✨ TL;DR
This paper extends biologically-informed neural networks (BINNs) from 1D to 2D spatial domains for learning reaction-diffusion equations from data, combining neural network training with symbolic regression to discover closed-form equations. The method is demonstrated on real lung cancer cell microscopy data, successfully recovering interpretable 2D+time reaction-diffusion models.
Physics-informed neural networks (PINNs) have shown promise for learning dynamical systems from data, but existing biologically-informed neural network (BINN) approaches are limited to one-dimensional spatial systems. Real biological systems often exhibit complex spatio-temporal dynamics in two or three spatial dimensions that cannot be adequately captured by 1D models. Furthermore, previous BINN studies have focused primarily on forward prediction tasks rather than explicit equation identification, using governing equations as regularizers rather than as targets for discovery. There is a need for methods that can learn interpretable, closed-form governing equations from real experimental data in higher-dimensional spatial settings.
The authors develop a three-stage framework that extends BINNs to 2D+time reaction-diffusion systems. First, they preprocess experimental data to extract clean spatio-temporal measurements.
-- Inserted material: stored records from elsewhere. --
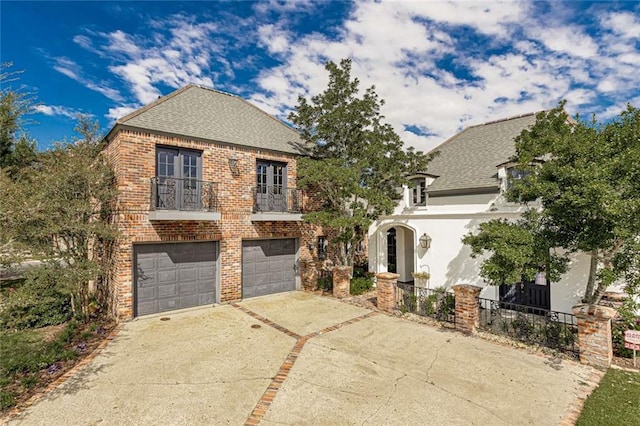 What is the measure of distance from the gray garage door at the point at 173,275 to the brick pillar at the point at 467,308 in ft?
27.5

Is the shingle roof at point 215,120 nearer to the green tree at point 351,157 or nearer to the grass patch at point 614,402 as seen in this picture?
the green tree at point 351,157

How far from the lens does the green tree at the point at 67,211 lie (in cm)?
793

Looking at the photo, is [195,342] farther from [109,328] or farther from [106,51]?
[106,51]

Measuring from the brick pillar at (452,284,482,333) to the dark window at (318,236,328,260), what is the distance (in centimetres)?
687

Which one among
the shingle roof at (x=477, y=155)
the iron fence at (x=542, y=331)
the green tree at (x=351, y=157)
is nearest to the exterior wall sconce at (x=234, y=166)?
the green tree at (x=351, y=157)

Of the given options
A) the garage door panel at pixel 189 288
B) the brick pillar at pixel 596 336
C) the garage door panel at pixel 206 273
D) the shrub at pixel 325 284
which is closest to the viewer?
the brick pillar at pixel 596 336

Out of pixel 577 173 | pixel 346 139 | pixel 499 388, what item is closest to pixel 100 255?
pixel 346 139

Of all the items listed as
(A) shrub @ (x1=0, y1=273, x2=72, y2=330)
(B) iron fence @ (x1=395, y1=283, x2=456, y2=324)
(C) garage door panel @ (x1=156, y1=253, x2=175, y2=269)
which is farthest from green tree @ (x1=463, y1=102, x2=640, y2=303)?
(A) shrub @ (x1=0, y1=273, x2=72, y2=330)

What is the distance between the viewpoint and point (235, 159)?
1159 cm

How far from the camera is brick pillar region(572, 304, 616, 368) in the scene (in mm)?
6445

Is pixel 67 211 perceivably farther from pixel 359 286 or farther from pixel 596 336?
pixel 596 336

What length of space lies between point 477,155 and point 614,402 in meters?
11.3

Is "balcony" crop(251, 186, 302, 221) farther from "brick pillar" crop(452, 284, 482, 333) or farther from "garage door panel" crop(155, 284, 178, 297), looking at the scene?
"brick pillar" crop(452, 284, 482, 333)

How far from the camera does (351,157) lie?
40.9 feet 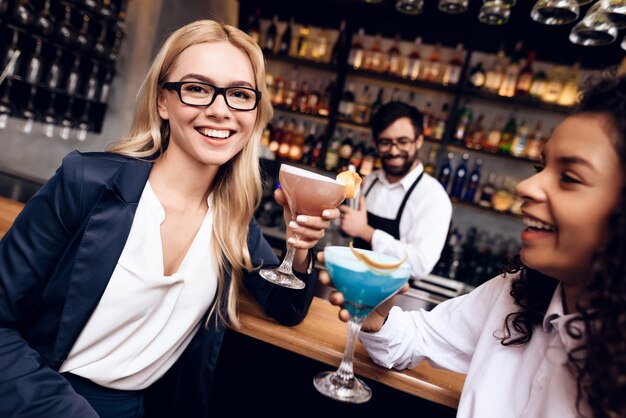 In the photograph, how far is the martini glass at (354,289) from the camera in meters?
0.86

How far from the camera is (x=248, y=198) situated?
4.84ft

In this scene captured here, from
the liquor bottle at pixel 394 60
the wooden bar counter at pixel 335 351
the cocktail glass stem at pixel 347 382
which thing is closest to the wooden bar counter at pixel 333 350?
the wooden bar counter at pixel 335 351

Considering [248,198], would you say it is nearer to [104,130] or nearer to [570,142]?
[570,142]

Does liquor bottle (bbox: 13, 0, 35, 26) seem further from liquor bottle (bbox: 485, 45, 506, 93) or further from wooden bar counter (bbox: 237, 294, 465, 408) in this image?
liquor bottle (bbox: 485, 45, 506, 93)

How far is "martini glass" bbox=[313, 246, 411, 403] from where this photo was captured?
86 centimetres

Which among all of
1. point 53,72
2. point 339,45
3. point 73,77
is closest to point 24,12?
point 53,72

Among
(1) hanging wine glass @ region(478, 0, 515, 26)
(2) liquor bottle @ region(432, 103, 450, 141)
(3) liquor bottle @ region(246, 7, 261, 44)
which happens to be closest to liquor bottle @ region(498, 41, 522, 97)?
(2) liquor bottle @ region(432, 103, 450, 141)

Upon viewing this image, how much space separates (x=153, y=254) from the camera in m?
1.22

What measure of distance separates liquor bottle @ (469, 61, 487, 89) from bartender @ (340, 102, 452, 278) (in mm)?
1169

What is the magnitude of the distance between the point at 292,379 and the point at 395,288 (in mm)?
871

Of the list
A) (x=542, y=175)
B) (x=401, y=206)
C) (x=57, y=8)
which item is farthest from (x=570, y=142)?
(x=57, y=8)

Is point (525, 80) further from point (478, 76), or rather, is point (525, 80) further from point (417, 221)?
point (417, 221)

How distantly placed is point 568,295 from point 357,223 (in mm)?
1914

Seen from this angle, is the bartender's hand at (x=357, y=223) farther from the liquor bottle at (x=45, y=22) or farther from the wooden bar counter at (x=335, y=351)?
the liquor bottle at (x=45, y=22) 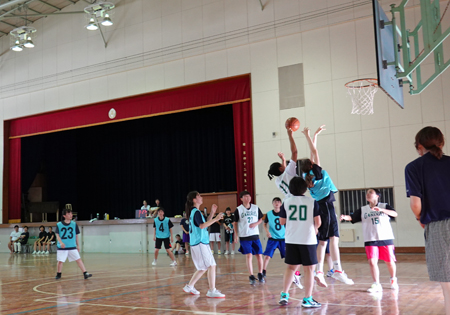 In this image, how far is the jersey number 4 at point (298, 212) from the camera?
5.80 meters

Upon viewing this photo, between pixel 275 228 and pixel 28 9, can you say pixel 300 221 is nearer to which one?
pixel 275 228

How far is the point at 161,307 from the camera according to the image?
20.4ft

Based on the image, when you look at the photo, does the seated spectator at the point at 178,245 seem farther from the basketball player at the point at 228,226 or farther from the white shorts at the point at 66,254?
the white shorts at the point at 66,254

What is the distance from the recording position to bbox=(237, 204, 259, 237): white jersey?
8344mm

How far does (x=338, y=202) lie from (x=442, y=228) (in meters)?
12.5

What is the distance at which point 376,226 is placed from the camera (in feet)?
23.4

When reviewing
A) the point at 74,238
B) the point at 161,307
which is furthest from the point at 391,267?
the point at 74,238

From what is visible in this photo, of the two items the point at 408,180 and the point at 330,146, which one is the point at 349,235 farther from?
the point at 408,180

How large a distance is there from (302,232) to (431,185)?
2.49 m

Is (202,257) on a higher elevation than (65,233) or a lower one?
lower

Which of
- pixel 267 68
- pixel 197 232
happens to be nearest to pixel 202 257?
pixel 197 232

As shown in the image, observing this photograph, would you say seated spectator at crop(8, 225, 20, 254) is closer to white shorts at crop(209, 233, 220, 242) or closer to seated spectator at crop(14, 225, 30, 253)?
seated spectator at crop(14, 225, 30, 253)

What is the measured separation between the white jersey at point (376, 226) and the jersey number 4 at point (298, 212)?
1880 mm

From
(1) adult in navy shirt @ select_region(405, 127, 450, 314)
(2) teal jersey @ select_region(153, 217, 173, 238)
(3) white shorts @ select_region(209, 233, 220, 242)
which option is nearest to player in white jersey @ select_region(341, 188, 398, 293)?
(1) adult in navy shirt @ select_region(405, 127, 450, 314) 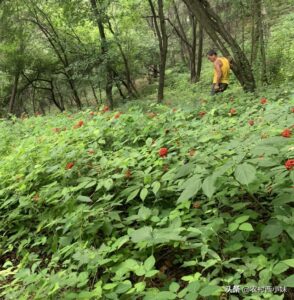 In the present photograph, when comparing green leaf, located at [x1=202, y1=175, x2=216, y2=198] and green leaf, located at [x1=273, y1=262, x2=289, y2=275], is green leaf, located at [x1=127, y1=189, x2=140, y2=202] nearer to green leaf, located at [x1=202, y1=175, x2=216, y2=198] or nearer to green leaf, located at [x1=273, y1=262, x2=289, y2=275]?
green leaf, located at [x1=202, y1=175, x2=216, y2=198]

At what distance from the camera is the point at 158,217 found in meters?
2.46

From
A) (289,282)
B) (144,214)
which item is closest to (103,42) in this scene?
(144,214)

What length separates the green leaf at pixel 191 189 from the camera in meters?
1.90

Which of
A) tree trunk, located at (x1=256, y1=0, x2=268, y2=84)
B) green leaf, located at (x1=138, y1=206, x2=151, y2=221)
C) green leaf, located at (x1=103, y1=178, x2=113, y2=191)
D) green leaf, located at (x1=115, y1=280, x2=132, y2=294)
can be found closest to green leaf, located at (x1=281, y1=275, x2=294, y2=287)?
green leaf, located at (x1=115, y1=280, x2=132, y2=294)

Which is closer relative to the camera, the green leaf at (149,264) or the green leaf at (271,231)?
the green leaf at (149,264)

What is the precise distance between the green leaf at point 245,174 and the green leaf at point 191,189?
0.75ft

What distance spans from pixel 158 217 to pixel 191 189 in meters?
0.61

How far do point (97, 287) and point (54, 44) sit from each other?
67.9ft

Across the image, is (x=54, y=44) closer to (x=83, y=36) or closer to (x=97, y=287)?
(x=83, y=36)

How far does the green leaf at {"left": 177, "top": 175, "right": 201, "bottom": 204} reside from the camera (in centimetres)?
190

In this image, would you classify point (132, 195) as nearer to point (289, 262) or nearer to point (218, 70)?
point (289, 262)

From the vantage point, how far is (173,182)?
110 inches

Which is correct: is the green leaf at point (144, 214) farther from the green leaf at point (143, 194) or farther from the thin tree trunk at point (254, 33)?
the thin tree trunk at point (254, 33)

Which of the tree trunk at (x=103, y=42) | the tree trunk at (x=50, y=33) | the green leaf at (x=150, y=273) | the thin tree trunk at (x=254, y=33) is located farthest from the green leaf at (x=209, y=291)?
the tree trunk at (x=50, y=33) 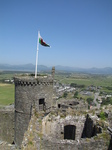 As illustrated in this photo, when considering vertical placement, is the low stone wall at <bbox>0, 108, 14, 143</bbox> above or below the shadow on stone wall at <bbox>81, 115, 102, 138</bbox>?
below

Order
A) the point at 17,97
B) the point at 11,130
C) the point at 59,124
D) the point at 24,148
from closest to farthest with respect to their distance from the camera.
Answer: the point at 24,148, the point at 59,124, the point at 17,97, the point at 11,130

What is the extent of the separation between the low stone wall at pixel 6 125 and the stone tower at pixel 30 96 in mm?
5572

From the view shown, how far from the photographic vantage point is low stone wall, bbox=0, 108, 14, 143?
62.7 feet

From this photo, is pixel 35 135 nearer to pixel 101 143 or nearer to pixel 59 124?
pixel 101 143

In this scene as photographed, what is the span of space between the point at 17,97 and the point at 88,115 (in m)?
6.48

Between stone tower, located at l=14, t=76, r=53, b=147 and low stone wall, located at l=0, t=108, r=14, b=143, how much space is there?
5.57 metres

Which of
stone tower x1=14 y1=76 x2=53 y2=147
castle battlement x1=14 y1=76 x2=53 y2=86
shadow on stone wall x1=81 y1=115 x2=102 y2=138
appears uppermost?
castle battlement x1=14 y1=76 x2=53 y2=86

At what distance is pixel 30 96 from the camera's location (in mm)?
13242

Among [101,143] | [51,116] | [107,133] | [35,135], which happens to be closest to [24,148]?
[35,135]

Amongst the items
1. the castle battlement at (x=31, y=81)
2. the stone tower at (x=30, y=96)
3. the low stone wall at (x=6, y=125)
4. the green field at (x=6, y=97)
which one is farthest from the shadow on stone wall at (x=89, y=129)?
the green field at (x=6, y=97)

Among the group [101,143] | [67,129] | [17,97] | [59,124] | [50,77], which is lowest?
[67,129]

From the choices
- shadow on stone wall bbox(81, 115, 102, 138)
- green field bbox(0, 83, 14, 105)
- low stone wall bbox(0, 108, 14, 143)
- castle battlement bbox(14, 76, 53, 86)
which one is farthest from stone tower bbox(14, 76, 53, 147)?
green field bbox(0, 83, 14, 105)

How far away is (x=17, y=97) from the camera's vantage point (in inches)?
542

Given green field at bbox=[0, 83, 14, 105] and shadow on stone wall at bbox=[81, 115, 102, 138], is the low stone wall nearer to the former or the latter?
shadow on stone wall at bbox=[81, 115, 102, 138] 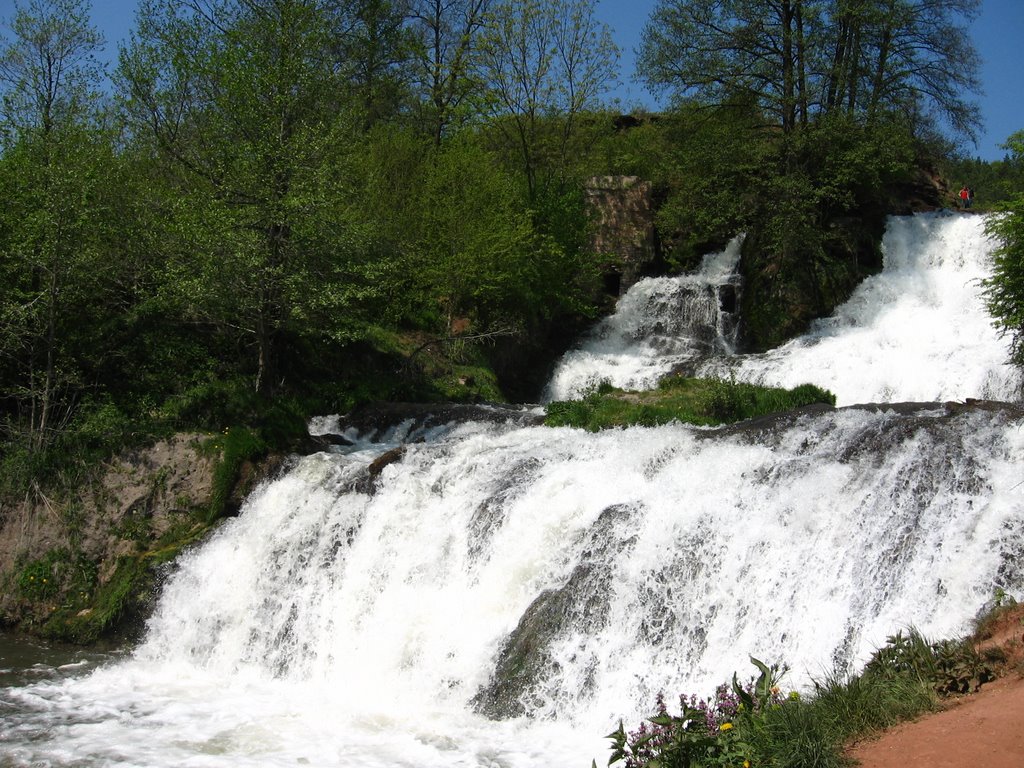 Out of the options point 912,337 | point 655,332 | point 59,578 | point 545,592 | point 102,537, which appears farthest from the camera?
point 655,332

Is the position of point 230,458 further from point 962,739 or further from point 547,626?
point 962,739

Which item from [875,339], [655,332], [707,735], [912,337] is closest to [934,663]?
[707,735]

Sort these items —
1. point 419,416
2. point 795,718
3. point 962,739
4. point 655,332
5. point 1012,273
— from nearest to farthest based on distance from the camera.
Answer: point 962,739 < point 795,718 < point 1012,273 < point 419,416 < point 655,332

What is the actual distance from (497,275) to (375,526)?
11147 millimetres

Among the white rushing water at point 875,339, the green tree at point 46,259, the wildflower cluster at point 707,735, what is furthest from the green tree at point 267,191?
the wildflower cluster at point 707,735

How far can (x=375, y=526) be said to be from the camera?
11984mm

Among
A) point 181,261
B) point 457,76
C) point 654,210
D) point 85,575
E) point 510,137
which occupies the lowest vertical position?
point 85,575

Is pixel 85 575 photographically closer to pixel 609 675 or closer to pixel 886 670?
pixel 609 675

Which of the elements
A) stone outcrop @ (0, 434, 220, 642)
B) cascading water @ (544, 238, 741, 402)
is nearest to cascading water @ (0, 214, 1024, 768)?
stone outcrop @ (0, 434, 220, 642)

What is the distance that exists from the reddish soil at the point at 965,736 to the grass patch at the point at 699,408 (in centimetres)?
879

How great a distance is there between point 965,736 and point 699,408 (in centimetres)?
1037

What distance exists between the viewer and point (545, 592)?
32.8 ft

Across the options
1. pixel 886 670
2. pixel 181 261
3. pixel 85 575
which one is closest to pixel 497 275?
pixel 181 261

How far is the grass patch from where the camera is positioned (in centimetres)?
1538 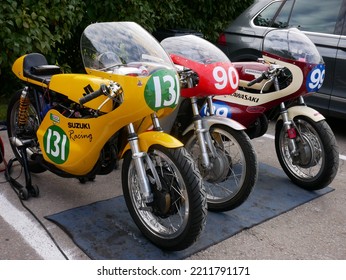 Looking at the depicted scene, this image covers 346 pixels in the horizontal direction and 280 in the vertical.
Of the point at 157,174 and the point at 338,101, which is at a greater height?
the point at 157,174

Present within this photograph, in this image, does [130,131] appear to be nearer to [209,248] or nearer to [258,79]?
[209,248]

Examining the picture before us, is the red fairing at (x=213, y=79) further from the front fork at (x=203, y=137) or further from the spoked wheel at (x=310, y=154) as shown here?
the spoked wheel at (x=310, y=154)

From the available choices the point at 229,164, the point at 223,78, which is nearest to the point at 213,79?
the point at 223,78

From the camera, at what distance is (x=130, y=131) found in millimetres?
2693

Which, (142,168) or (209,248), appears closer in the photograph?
(142,168)

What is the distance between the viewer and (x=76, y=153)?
2945 millimetres

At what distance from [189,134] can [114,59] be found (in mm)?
961

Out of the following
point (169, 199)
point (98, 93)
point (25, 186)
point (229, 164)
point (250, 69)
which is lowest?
point (25, 186)

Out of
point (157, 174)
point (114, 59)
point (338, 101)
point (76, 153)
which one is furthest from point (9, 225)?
point (338, 101)

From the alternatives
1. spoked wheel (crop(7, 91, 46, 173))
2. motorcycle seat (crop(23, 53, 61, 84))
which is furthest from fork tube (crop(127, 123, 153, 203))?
spoked wheel (crop(7, 91, 46, 173))

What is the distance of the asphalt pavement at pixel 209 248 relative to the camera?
2768 mm

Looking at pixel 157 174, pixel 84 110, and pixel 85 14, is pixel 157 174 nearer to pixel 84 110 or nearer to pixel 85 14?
pixel 84 110

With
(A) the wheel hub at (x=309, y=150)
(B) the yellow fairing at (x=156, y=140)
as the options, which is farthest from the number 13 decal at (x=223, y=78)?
(A) the wheel hub at (x=309, y=150)

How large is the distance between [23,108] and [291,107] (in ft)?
7.49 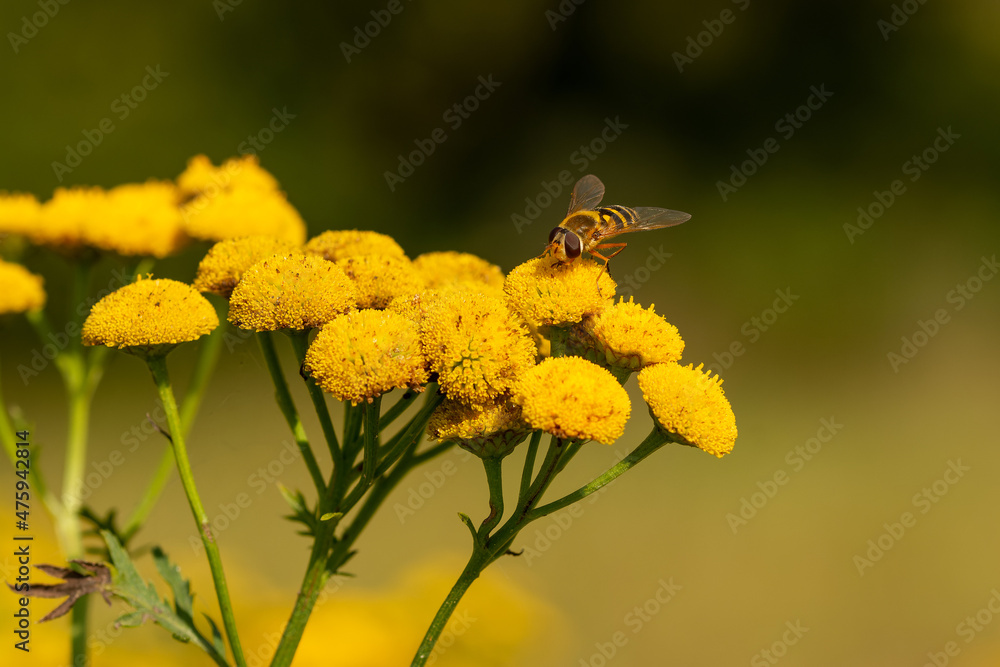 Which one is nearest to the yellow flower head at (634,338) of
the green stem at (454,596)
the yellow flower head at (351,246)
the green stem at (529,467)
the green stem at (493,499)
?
the green stem at (529,467)

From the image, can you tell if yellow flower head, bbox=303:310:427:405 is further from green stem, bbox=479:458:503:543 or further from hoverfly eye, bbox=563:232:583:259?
hoverfly eye, bbox=563:232:583:259

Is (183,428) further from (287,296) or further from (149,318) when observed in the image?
(287,296)

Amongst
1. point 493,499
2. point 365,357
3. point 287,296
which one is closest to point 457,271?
point 287,296

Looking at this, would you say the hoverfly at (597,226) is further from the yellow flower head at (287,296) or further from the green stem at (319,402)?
the green stem at (319,402)

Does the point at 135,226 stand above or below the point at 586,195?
below

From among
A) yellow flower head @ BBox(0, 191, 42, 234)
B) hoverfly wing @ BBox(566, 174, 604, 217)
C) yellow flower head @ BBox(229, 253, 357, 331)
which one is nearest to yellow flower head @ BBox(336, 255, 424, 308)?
yellow flower head @ BBox(229, 253, 357, 331) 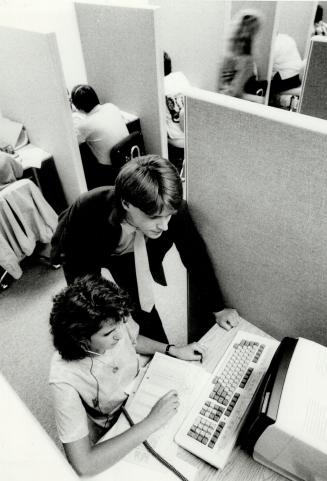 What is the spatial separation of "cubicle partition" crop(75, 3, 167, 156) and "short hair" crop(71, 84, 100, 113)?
29 cm

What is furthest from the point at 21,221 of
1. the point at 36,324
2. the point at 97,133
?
the point at 97,133

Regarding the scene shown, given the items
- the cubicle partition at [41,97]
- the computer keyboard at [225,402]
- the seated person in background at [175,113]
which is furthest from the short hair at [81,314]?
the seated person in background at [175,113]

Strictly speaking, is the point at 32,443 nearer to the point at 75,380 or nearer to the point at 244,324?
the point at 75,380

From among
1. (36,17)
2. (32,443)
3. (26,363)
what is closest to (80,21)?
(36,17)

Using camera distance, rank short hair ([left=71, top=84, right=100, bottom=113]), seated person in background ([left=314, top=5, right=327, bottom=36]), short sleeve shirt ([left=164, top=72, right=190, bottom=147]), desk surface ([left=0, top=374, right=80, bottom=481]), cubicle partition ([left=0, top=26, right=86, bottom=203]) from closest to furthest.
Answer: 1. desk surface ([left=0, top=374, right=80, bottom=481])
2. cubicle partition ([left=0, top=26, right=86, bottom=203])
3. short hair ([left=71, top=84, right=100, bottom=113])
4. short sleeve shirt ([left=164, top=72, right=190, bottom=147])
5. seated person in background ([left=314, top=5, right=327, bottom=36])

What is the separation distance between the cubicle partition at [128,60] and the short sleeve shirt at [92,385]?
192 centimetres

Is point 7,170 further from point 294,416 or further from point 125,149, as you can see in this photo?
point 294,416

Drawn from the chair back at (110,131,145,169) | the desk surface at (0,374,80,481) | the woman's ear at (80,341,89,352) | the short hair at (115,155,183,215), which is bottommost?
the chair back at (110,131,145,169)

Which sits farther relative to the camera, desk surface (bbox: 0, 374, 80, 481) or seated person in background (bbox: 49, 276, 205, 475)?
seated person in background (bbox: 49, 276, 205, 475)

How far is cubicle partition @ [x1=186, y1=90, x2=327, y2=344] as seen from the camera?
0.84 meters

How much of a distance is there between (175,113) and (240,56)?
0.64 meters

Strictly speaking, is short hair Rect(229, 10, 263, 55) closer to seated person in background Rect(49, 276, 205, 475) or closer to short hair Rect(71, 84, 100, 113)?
short hair Rect(71, 84, 100, 113)

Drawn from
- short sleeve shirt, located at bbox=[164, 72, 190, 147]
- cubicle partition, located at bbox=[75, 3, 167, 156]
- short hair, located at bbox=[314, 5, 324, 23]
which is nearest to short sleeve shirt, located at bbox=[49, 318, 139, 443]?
cubicle partition, located at bbox=[75, 3, 167, 156]

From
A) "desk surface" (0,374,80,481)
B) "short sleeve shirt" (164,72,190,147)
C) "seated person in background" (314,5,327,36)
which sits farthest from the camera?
"seated person in background" (314,5,327,36) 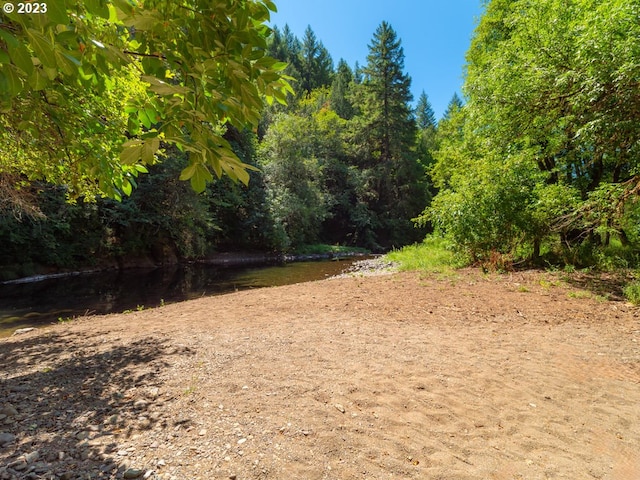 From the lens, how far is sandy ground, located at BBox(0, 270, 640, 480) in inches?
90.2

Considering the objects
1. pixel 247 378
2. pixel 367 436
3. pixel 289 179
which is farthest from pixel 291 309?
pixel 289 179

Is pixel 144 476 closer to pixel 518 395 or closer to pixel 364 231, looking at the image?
pixel 518 395

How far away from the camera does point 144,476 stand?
81.0 inches

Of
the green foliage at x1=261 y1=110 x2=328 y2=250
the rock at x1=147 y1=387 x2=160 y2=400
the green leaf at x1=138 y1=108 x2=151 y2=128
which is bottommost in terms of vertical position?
the rock at x1=147 y1=387 x2=160 y2=400

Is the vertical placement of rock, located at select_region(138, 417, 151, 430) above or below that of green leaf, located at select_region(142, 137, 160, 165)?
below

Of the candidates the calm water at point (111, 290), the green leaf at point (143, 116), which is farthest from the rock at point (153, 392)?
the calm water at point (111, 290)

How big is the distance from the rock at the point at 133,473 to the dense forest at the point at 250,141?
1.90m

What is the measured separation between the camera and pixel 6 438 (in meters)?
2.39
Second, they employ a BINN architecture that preserves the known reaction-diffusion operator structure while using trainable neural subnetworks to learn the unknown reaction and diffusion terms, enforced through soft residual penalties in the loss function. The neural networks approximate the constitutive relationships (reaction kinetics and diffusion coefficients) while respecting the underlying PDE structure. Third, they apply symbolic regression post-processing to the learned neural network representations to extract closed-form analytical expressions for the governing equations. The framework is demonstrated on time-lapse microscopy data of lung cancer cell populations, where cell density evolves according to unknown reaction-diffusion dynamics.